His wife took a cigarette from the box on the end table and lit it. “Roger, dear,” she said slowly, “I’m not used to all this. I don’t just mean the way you look. I understand about that. It’s hard, but at least I knew what it was going to be before it happened. Even if I didn’t think it would be you . But I’m not used to your being so — I don’t know, important.”

“I’m not used to it either, Dorrie.” He thought back to the TV reporters and the cheering crowds when he returned to Earth after rescuing the Russians. “It’s different now, I feel as if I’m carrying something on my back — the world, maybe.”
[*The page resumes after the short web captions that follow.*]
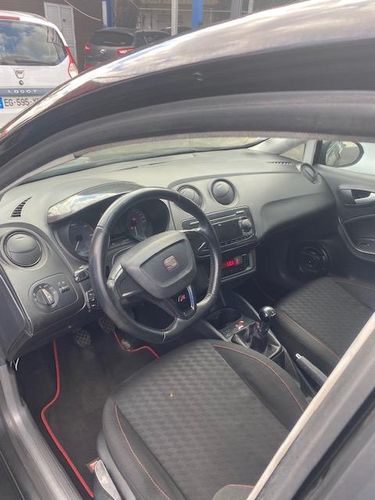 voiture occasion SEAT IBIZA à la Réunion disponible sur noutlauto.re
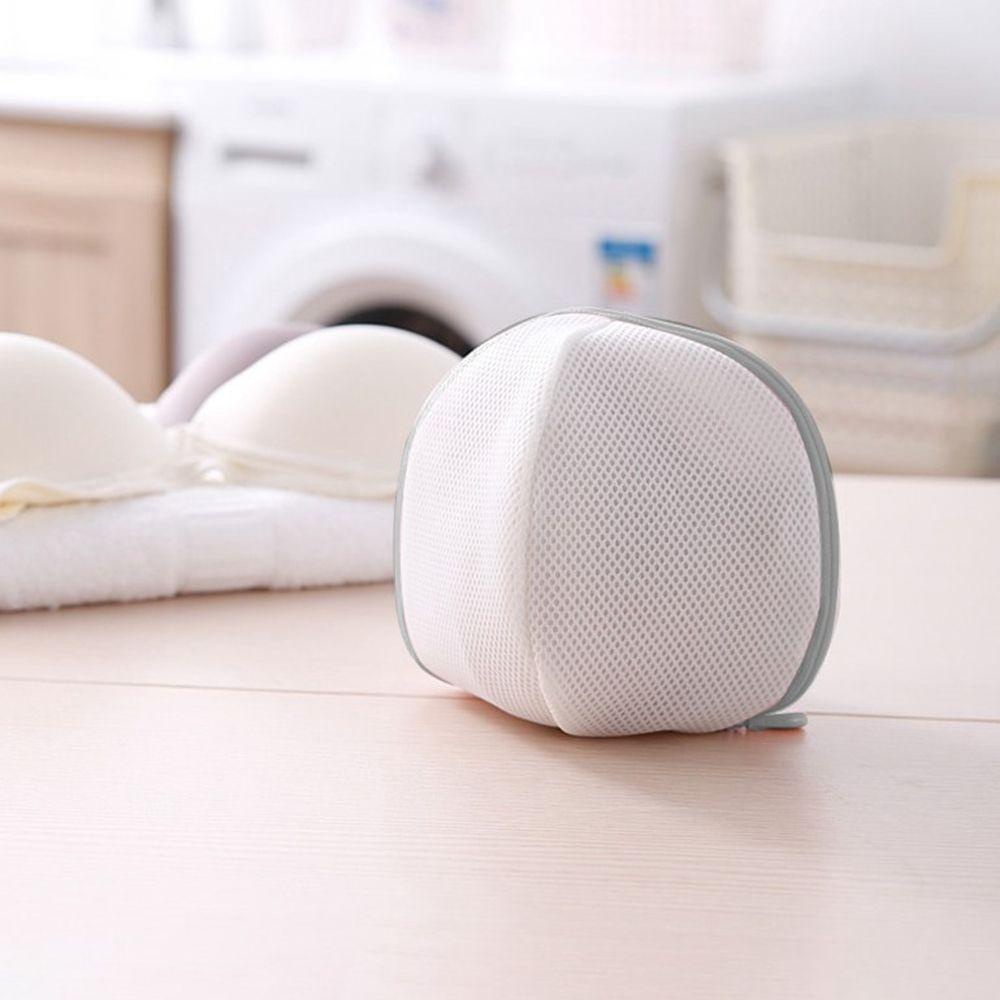 Túi Lưới Giặt Đồ Tiện Lợi|Túi Giặt Bảo Vệ Chống Biến Dạng Có Khóa Kéo Đặc Biệt
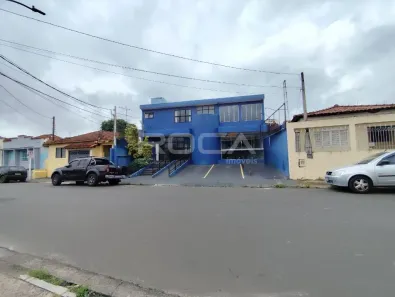 Galpão/Depósito/Armazém para alugar, 564m² no Vila Costa do Sol, São Carlos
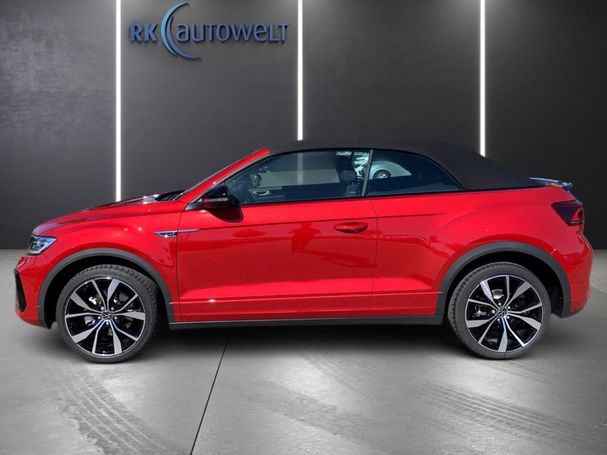 Volkswagen T-Roc Cabriolet 1.5 TSI DSG 110 kW image number 6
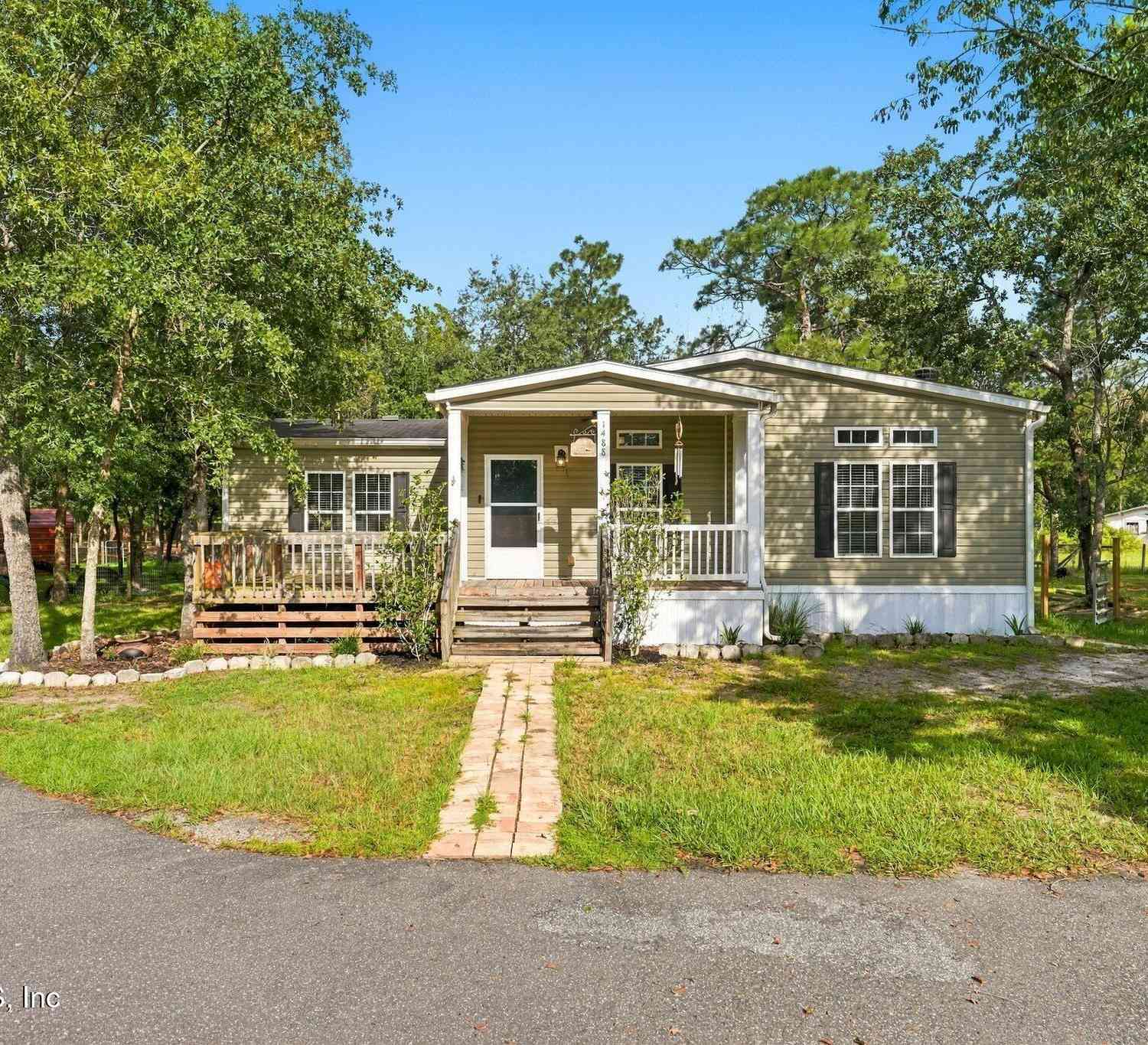 Homes For Sale - 1488 Long Bay Road<br/> Middleburg, FL 32068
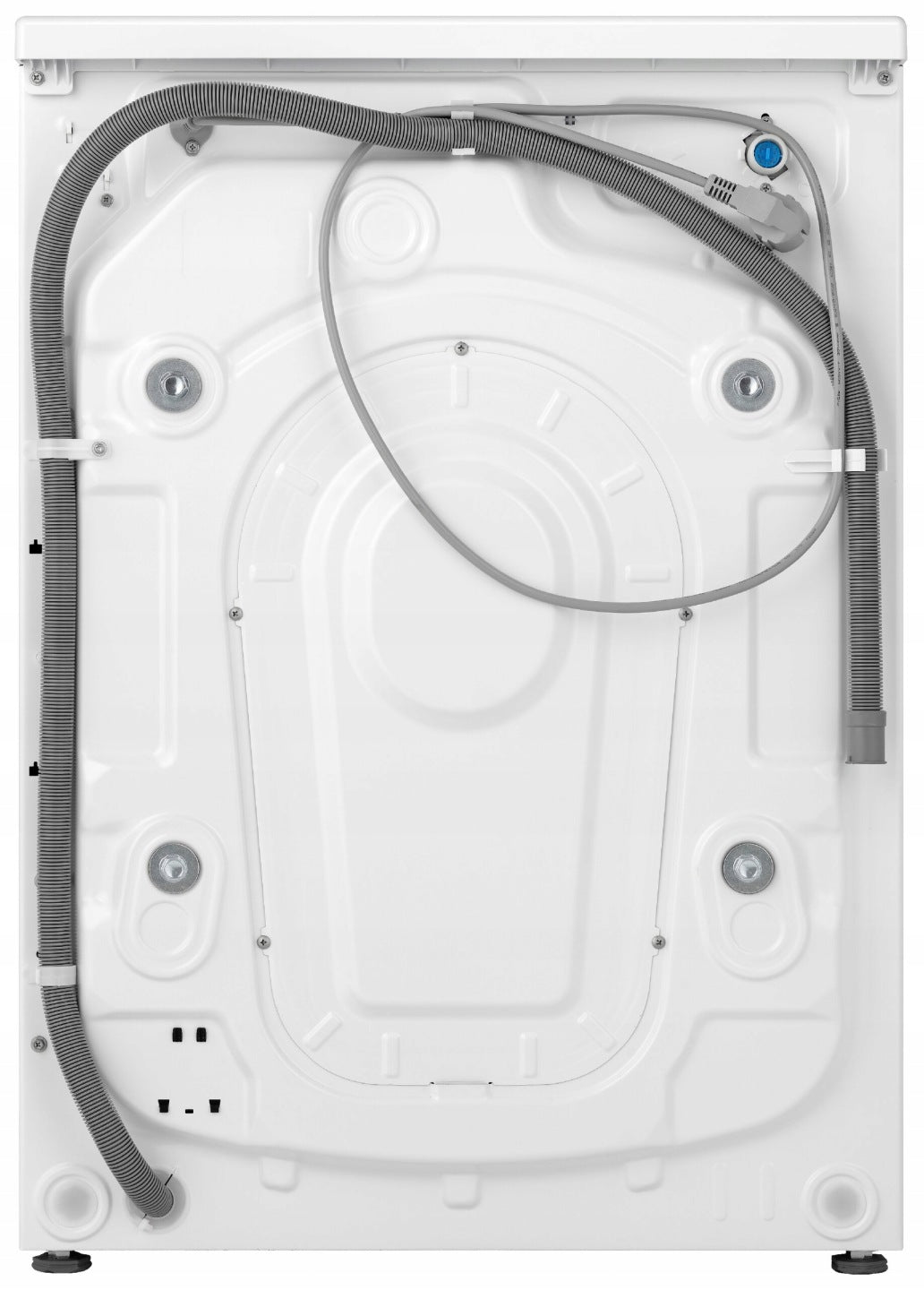 Pralka wolnostojąca HISENSE WF7S1247BW Seria 7S 12kg Biała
“Dash says that’s exactly what you’re doing. Half of what he says is crap, but I don’t think that part is. You’re a pretty significant man, Roger. You were always a famous one. Maybe that’s why I married you. But that was like being a rock star, you know? It was exciting, but you could always walk away from it if you got tired of it. This I don’t think you can walk away from.”

She stubbed out her cigarette. “Anyway,” she said, “you’re here, and they’re probably going crazy at the project.”

“I can handle that.”

“Yes,” she said thoughtfully, “I guess you can. What shall we talk about?”

“Brad,” he said. He had not intended it. The word came out of his artificial larynx, shaped by his restructured lips, with no intervention by his conscious mind.

He could feel her stiffening up. “What about Brad?” she asked.

“Your sleeping with him, that’s what about Brad,” he said. The back of her neck was glowing dully now, and he knew that if he could see her face it would display the revealing tracery of veins. The dancing gas flames from the fireplace made an attractive spectrum of colors on her dark hair; he watched the play appreciatively, as though it did not matter what he was saying to his wife, or she to him.